クロマグロの漁獲枠をめぐり日本がメキシコへ特使を派遣。漁業ルールの見直しを目指す。
なぜ重要?
太平洋クロマグロは貴重な水産資源です。適切な漁獲量を決める国際的なルール作りは、日本の食文化を守りつつ、将来にわたって資源を持続させるために欠かせないからです。
小学生向け解説
お寿司などで人気のクロマグロは、数年前に「絶滅するかもしれない」と心配され、世界中で厳しい漁獲制限(とれる量)が決められました。最近、マグロの数が増えてきたため、日本は「もう少しだけ多くとれるようにルールを変えよう」と提案しました。ほとんどの国が賛成しましたが、最後にメキシコが反対したため、話し合いがストップしてしまいました。そこで日本は、メキシコに政治家を送り、直接話し合って納得してもらうことで、ルール改正を実現しようとしています。海を守るルール作りと、自分たちの暮らしを守るための外交努力が今、求められています。
中学受験ポイント
- 太平洋クロマグロは国際的な資源管理の対象である
- 資源保護と水産業の利益のバランスが重要である
- 特定の国の反対により国際的な合意形成が難航する場合がある
覚える言葉
- 漁獲枠
- 資源を守るために、国や漁船がとってもよいと決められた魚の量。
- 資源管理
- 魚を取りすぎないように制限し、将来も魚がとれるように守ること。
- 再交渉
- 一度うまくいかなかった話し合いを、もう一度やり直すこと。
- 合意
- 関係する全員の意見が一致して、約束を決めること。
- 持続可能
- 自然環境などを壊さず、将来もずっと続けていけること。
関連知識
問題にチャレンジ
- 選択問題
クロマグロのような水産資源について、国際的なルール作りをする際に最も重要な考え方はどれですか。
- 一問一答
日本がメキシコへ特使を派遣した主な目的は何ですか。
- 記述問題
クロマグロのような国際的な資源管理において、国同士が話し合いを続けることがなぜ大切なのか、理由を説明しなさい。
- 選択問題
今回、日本がメキシコへ特使を派遣したのはなぜですか。
- 一問一答
かつて世界中でクロマグロに厳しい漁獲制限が設けられたのはなぜですか。
- 選択問題
クロマグロの漁獲枠を増やすという日本の提案について、現在どのような状況ですか。
- 一問一答
国際的な資源管理において、一つの国が反対するとどのような問題が生じますか。
保護者向け解説
本件は、食料安全保障と環境保護の両立という、国際政治の縮図のようなテーマです。

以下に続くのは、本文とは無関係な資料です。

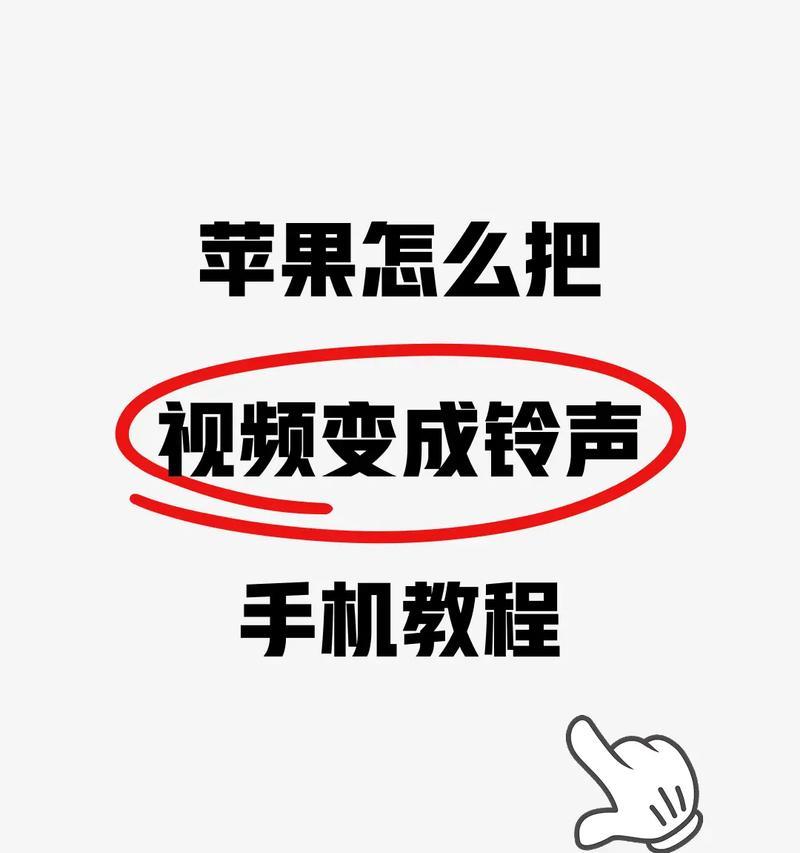 从抖音提取音乐做铃声的方法 从抖音提取音乐做铃声的方法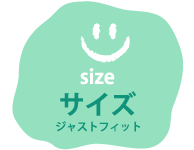 サイズ ジャストフィット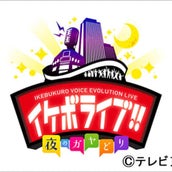 いきものがかりが名曲 Yell を全国の学生と合唱 音楽の日 第1弾出演アーティスト23組が発表 モデルプレス いきものがかりが名曲 Yell を全国の学生と合唱 音楽の日 第1弾出演アーティスト23組が発表 モデルプレス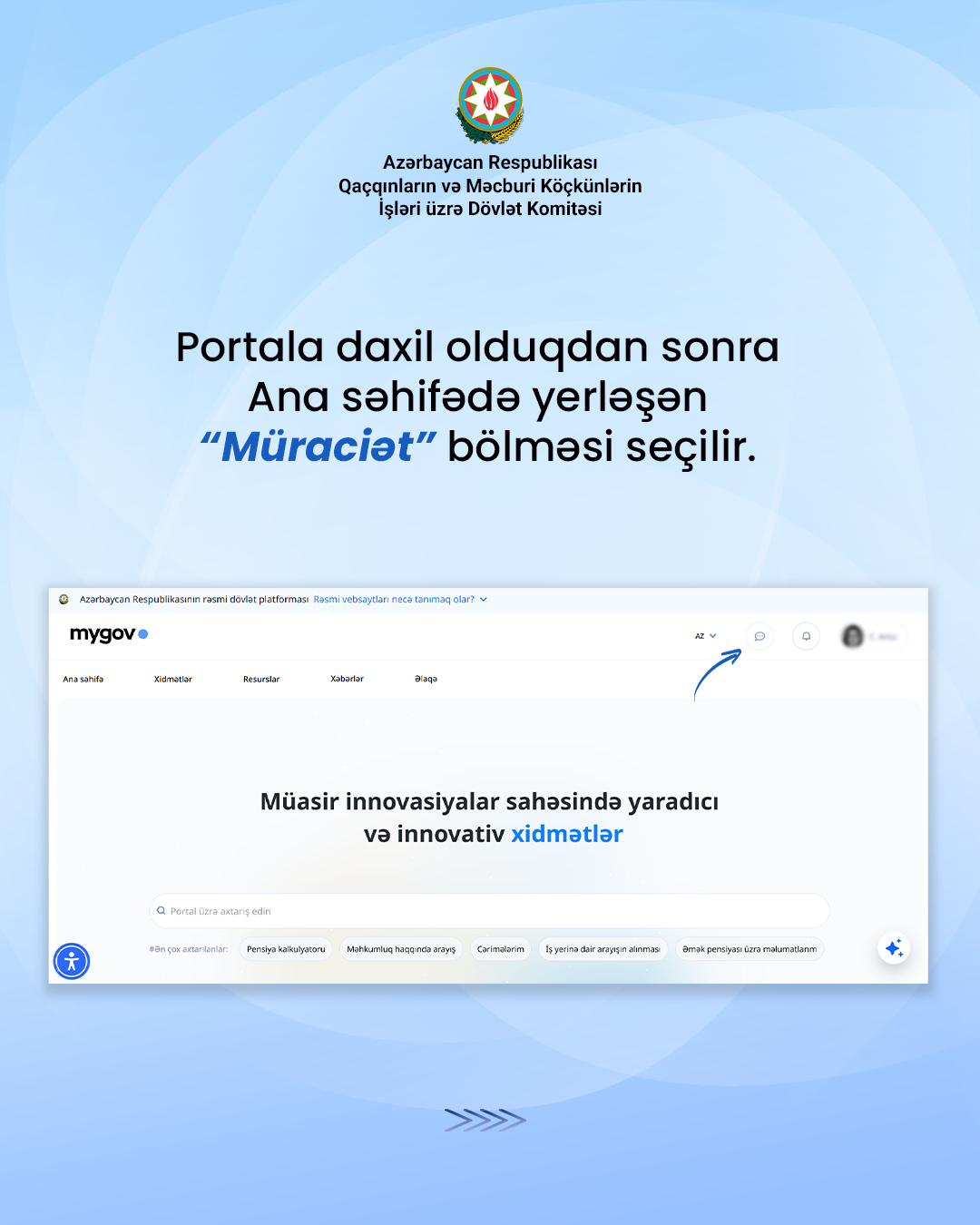 Dövlət Komitəsi myGov platformasına inteqrasiya olunub - FOTOLAR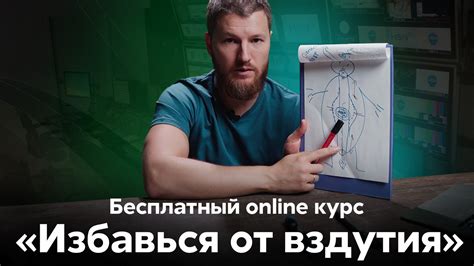 Медицинские процедуры и техники восстановления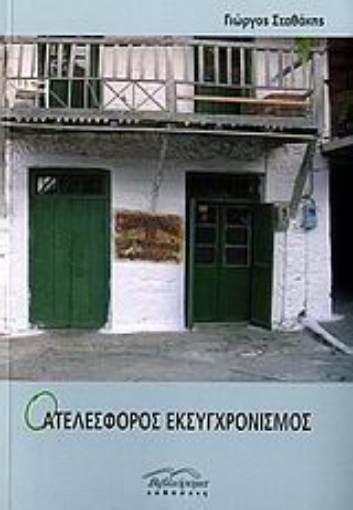 111070-Ο ατελέσφορος εκσυγχρονισμός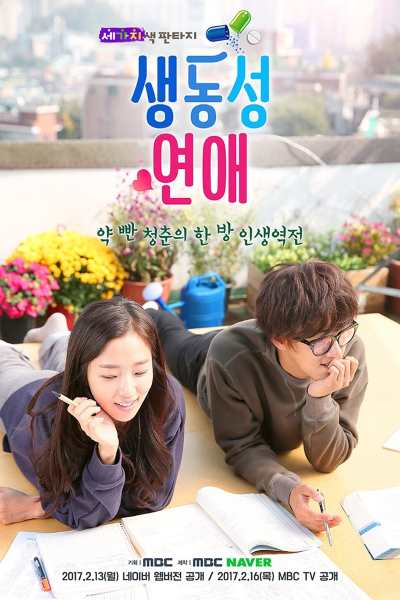 Romance Full of Life free movies
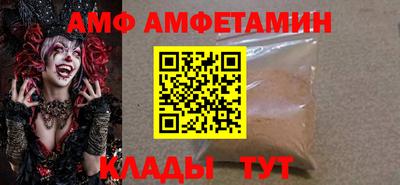 шишки Пенза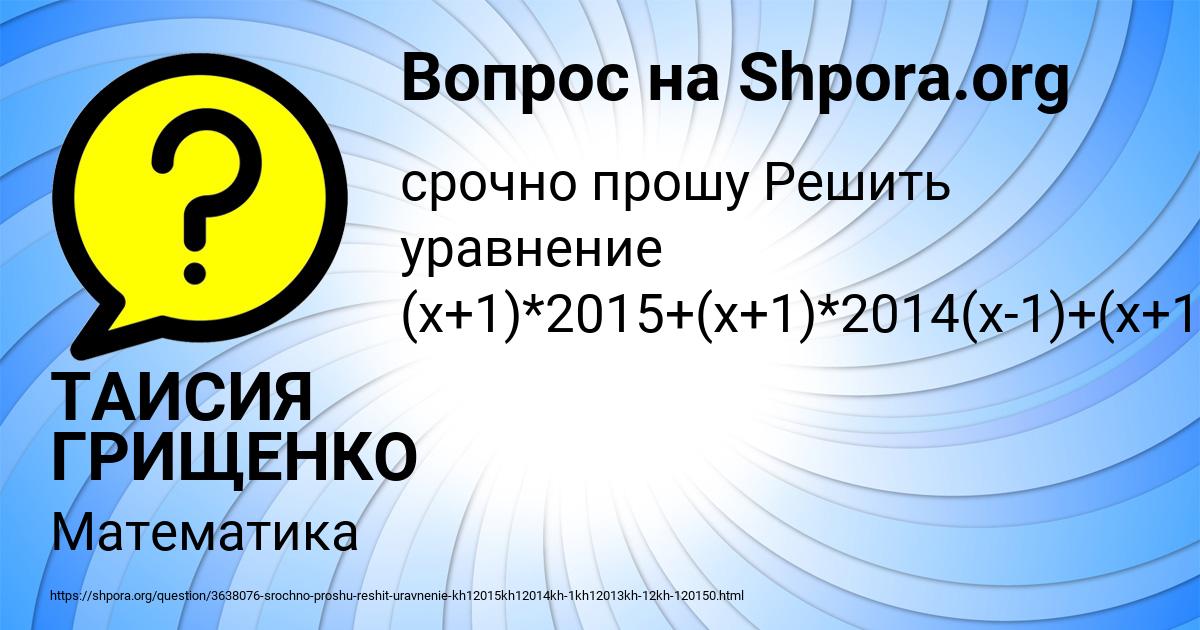 Картинка с текстом вопроса от пользователя ТАИСИЯ ГРИЩЕНКО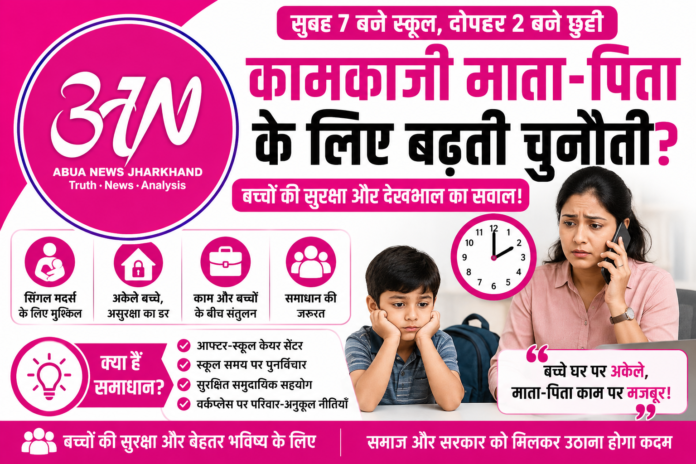 "सुबह 7 बजे स्कूल, दोपहर 2 बजे छुट्टी: कामकाजी माता-पिता के लिए बढ़ती चुनौती?"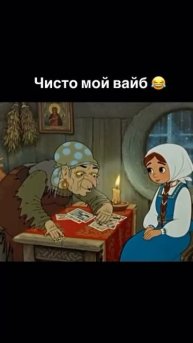 Карты не врут 🤣.mp4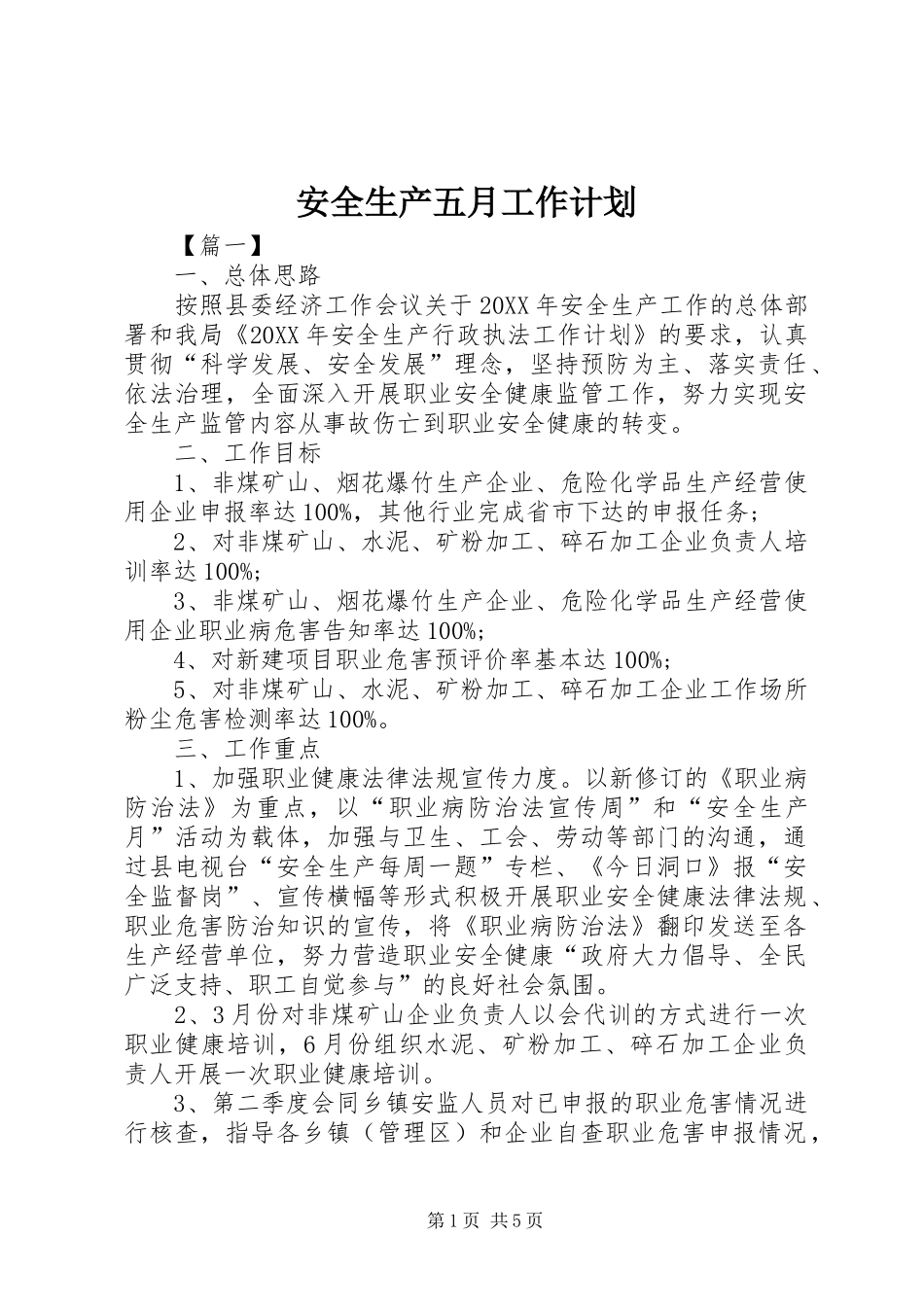 安全生产五月工作计划_第1页
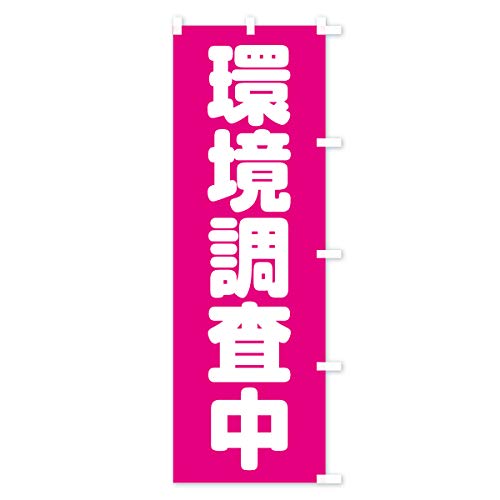 �������� �̂ڂ�� �T�C�Y�I�ׂ܂�(�V���[�g60x150cm �E�`�`) 7LJC_CSR �O�b�Y�v��/GoodsPro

お子様には、単に「マグロが食べられなくなるか」という視点だけでなく、「なぜ国同士で喧嘩をするのか」「科学的なデータがあるのになぜ意見が分かれるのか」という、国際社会の難しさに目を向けさせてください。ご家庭では「もし自分が海を管理するリーダーだったら、どうやってみんなを説得するか」といった問いかけをすることで、交渉術や合意形成の考え方を深めるきっかけになります。